New York also argues that, even if the parties did receive an adequate opportunity to challenge the policy announced in Arkla, the record in this case does not support the application of that policy. The Commission’s decision in Arkla was largely based on its finding that “the competition and risks in the pipeline industry have changed significantly in recent years.” Arkla at 61,728. New York argues that the changes in risks affecting the pipeline industry on which the Commission relied in Arkla occurred after the period at issue here and were therefore irrelevant to the determination of whether to adopt a hypothetical capital structure in setting Tennessee’s rate of return for this period. This court has noted, however, that
a regulated company faces the same long-term problems regardless of the frequency of its rate filings. To look only at short-term risks and costs in considering a locked-in rate raises the possibility that the company will never be adequately compensated for long-term risks and costs present during the locked-in period.
Public Service Commission of New York v. FERC, 642 F.2d at 1349. There is evidence in the record that during the relevant time period, Tennessee was faced with the same kind of long-term risks with which the Commission was concerned in Arkla. For example, Tennessee’s Vice President of Customer Relations and Marketing testified in July of 1982 that “well over 80% of Tennessee’s sales are subject to a significant level of uncertainty by reason of competition from alternate interstate suppliers of natural gas,” and that Tennessee was also facing “immediate competition” in the industrial market from alternate energy sources. J.A. at 246-47. See also J.A. at 25 (same witness testified in August, 1982 that “the market risk that we are now going through today [is] the downturn of the markets because of competition from other fuels.”) (emphasis added). Tennessee’s expert witnesses also testified in July of 1982 that Tennessee and the pipeline industry as a whole were facing increased risks and competition from other pipelines as well as from alternate fuels. See J.A. at 116-19, 223-24. The Commission’s conclusion that the policy announced in Arkla was applicable to this case is clearly supported by the record.
New York also asserts that, even if FERC correctly decided to impute the capital structure of Tenneco to Tennessee in setting Tennessee’s rate of return, the Commission’s method of determining that capital structure was erroneous in two respects. First, New York argues that the Commission erred in adopting Tenneco’s unconsolidated capital structure, which excludes “certain debt securities and unappropriated retained earnings of subsidiary companies.” Opinion 240-B at 61,008. New York contends that the Commission should have used the consolidated capital structure with a 47% equity ratio set out in Tenneco’s 1981 Annual Report because that capital structure was more likely to reflect “market reality” than the unconsolidated capital structure, which “is not the actual capital structure for financial reporting or accounting purposes.” See Brief of Petitioner New York Public Service Commission of the State of New York at 19-21. The Commission rejected this argument in its opinion on rehearing, concluding that New York’s position was “predicated only on the result, i.e. lower overall rate of return” and unsupported by any rationale. Opinion 240-B at 61,008.

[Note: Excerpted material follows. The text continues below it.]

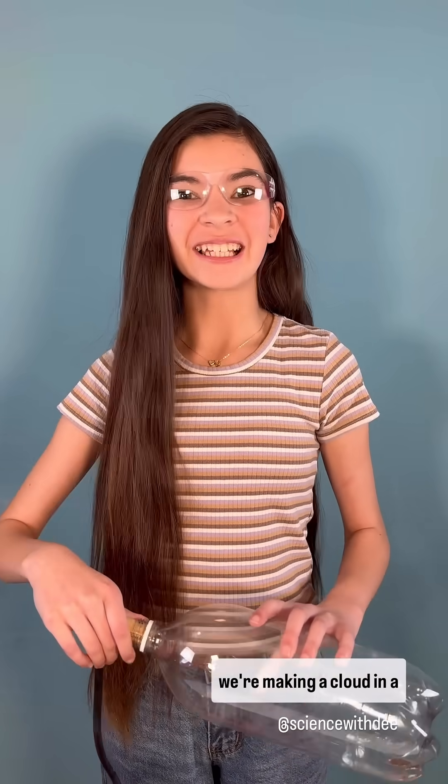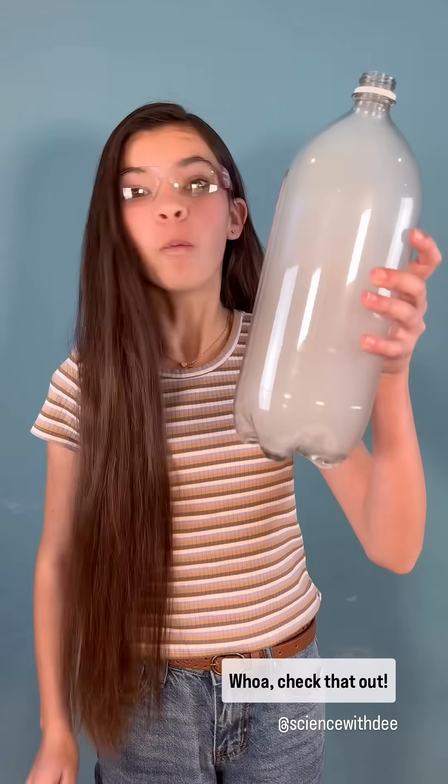Today on Science with D, we're making a cloud in a bottle. Woo! Check that out!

The unconsolidated capital structure adopted here has consistently been used by Tennessee in previous rate proceedings. See Opinion 240-B at 61,008 (Commission applied unconsolidated capital structure in Opinion 190; same methodology was used in this case); J.A. at 55, 57 (Tennessee’s Director of Rates testified that Tennessee *100had consistently used unconsolidated capital structure of Tenneco, although resulting equity ratio was sometimes unfavorable for Tennessee). Further, the items excluded from the unconsolidated capital structure were debt securities issued independently by Tenneco’s subsidiaries, which were not traceable to the parent company and not part of the investment in the rate base, and unappropriated retained earnings of the subsidiaries, which were also unavailable to Tenneco for investment in the rate base. The Commission acted reasonably, therefore, in excluding these items from the capital structure imputed to Tennessee.

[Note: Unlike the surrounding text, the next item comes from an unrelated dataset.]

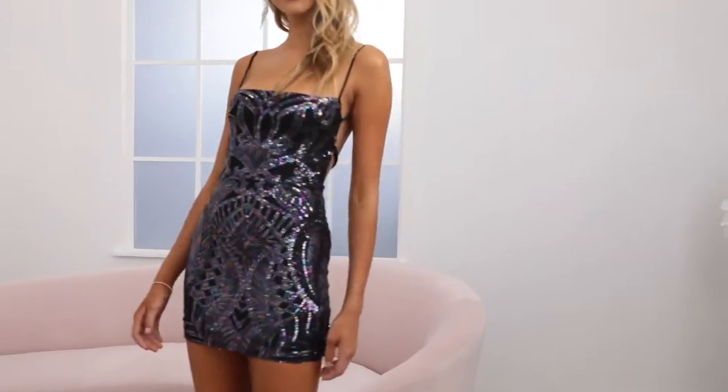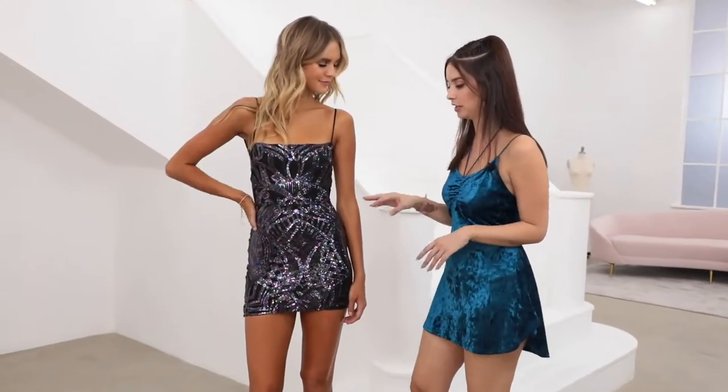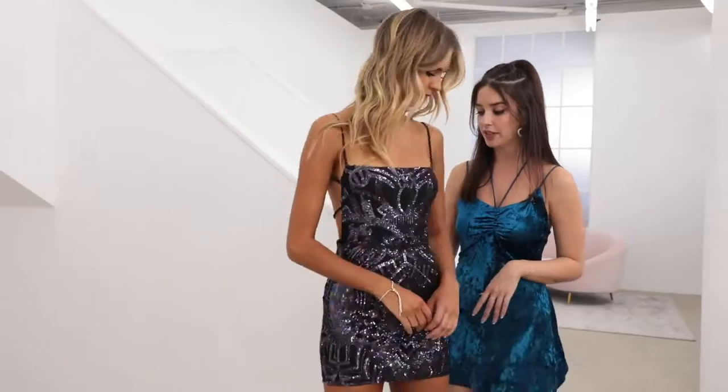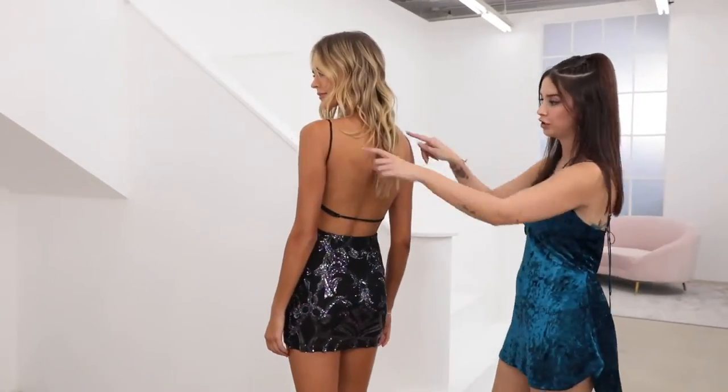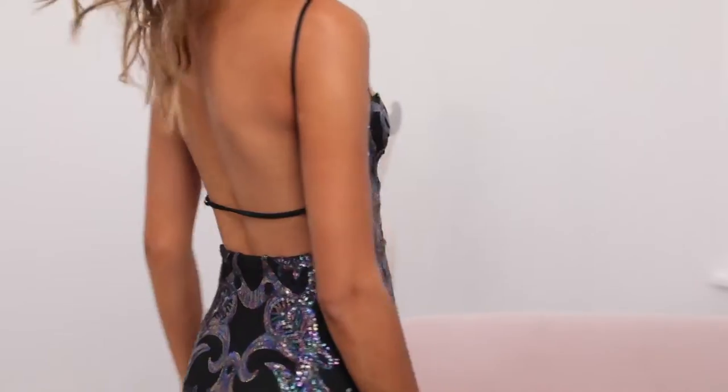Our starstruck dress in black with the iridescent sequins. It's really cute and playful, and the sequins are going to look different colors every time they catch the light. On the back we have an adjustable strap, as well as two adjustable straps on the armpit, so you can really control how it's going to fit and sit against your body.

New York also argues that the Commission should have excluded from Tenneco’s capital structure common and preferred stock issued to acquire the assets of Southwestern Life Corporation and Houston Oil and Minerals Corporation, and that exclusion of this stock would lower Tenneco’s equity ratio from 51.11% to 48%. See Brief of Petitioner Public Service Commission of the State of New York at 22-23. New York contends that Tennessee’s ratepayers receive no benefit from Tenneco’s acquisition of these unrelated businesses (an insurance company and an oil company), and that therefore the ratepayers “should not bear any part of the burden (cost) of these acquisitions.” Id. at 24. The Commission rejected this argument as simply an attempt by New York to impose a hypothetical capital structure which would, if permitted, undermine the policy announced in Arkla. See Opinion 240-B at 61,008.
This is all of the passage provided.